The Lord North Street and SandAire alliance will create a substantial player in the private investment office market with billions under management.
Meanwhile, Thurleigh and Ingenious are set to combine their investment teams and manage £1.8 billion in discretionary private client assets and platform-based model portfolios.
But is this the way forward for every boutique that is thinking about the future, looking for scale or feeling the pinch as regulatory costs grow?
Thurleigh’s CIO Charles MacKinnon said there was no pressure to merge with Ingenious AM as his business is and will likely remain profitable. However, the prospect of heightened regulation and succession planning provided motivations to team up with Ingenious AM, which manages some £1.5 billion in assets.‘The rationale behind the deal was very clear our side and theirs. We think this is an increasingly regulated industry and that regulation will intensify rather than loosen. We will be better placed as a £1.8 billion organisation rather than a £300 million organisation.
‘This is just a fact of life and we will better placed to address and understand those things. From our side it is important to look forward to the next five years,’ MacKinnon explained.
McKinnon added the deal was driven by the cultural fit with Ingenious and a keeping one eye on the future.
‘I think the luxury we had is that we are well regarded and profitable and didn’t have to do anything. David Rosier and I were very clear about that to investors, clients and ourselves and we tried to look forward three years and could see we would be less profitable because of regulation.
'If we had not done the deal, not a lot would change. A lot of organisations are struggling with declining profitability, so they are making deals on a slightly different basis. This was very much our choice,’ he added.

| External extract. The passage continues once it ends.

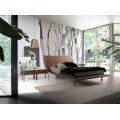 Dreven&yacute; nočn&yacute; stol&iacute;k Forma Moderna v preveden&iacute; biely mramor 55cm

This was also the rationale for SandAire and Lord North Street, which are joining forces to develop a sound proposition for the future.
Lord North Street co-founder William Drake explained the deal was not driven by a desire to bring about cost savings, but a motivation to capitalise on the combined strengths of the two organisations to ‘raise the game so that London has an absolutely world class private investment office’.
NCI welcomes rise of 'super-boutique'
The New City Initiative, a think tank representing fund and wealth management boutiques has welcomed both tie-ups, with its founder Daniel Pinto calling for more consolidation through the creation of super-boutiques.
‘We applaud all these transactions because we think there were too many smaller players in the industry and we think the creation of larger boutiques is probably a good thing,’ he said.
Before setting up the NCI, Pinto co-founded Stanhope Capital, which became the largest private investment office in Europe running over $9 billion (£6 billion) and employing 70 staff.
‘The movement is driven from clients, who are increasingly sensitive to the breadth and depth of your investment expertise. It used to be that they were satisfied with just a few people handling their investments – but they are much more demanding now.
‘That’s the reason why the smaller players in the industry feel a need to come together to potentially invest more in their investment research capabilities,’ he explained.
The chief executive says the boutique has enjoyed very strong growth over past few years because Stanhope addressed early on the need to populate the investment team with the right people. This was done through hires rather than acquisitions.
There are 18 staff on the firm’s investment research department, which Pinto says is ‘as much as the total number of employees in many of these [small] firms’.
‘Our view has been that, because we chose organic growth [over an acquisition], we had done the right thing in terms of focusing on the right elements of investment research.’
‘We had the good fortune of being able to grow without having to acquire other boutiques, but we remain open to other possibilities.’
This is also the case of Vestra Wealth, which has been able to grow the business organically, explained David Scott, founding and senior partner.
‘The breadth of service means that we are now an attractive alternative to the large banks for many advisers to join and for many clients to move their business to,’ he said.
‘The investment we made in the early years into offering a full back office and broadening our service capability has meant that we can grow without huge further investment.’
The boutique runs £4 billion in assets under management, with 23 partners and a total headcount of 180.
For smaller newer investment management business, the prospect of becoming a super-boutique is not on the cards just yet.
Bigger isn't always better
David MacNeil, who co-founded Castlebay Investment Partners last year, takes the view that boutique’s ambitions can differ and big does not mean better.
‘The firms [that are undergoing mergers] are great businesses, but they feel they want to rival the ultra-high net worth parts of the private banks, which is a slightly different aspiration to our current one,’ he said.
MacNeil has no ambition to merge with another boutique just yet.
‘A lot of other firms, which want to do more family office style things, perhaps become more of a jack of all trades rather than a specialist, because they feel the clients want that.
‘But I’m quite aware of where we sit in the chain, and these guys have been around for longer and have aspirations of billion pound families, whereas we’re not there yet.’
Looking ahead, MacNeil expects more ambitious people will spin out of the 'super-boutiques' and big banks to found their own boutiques.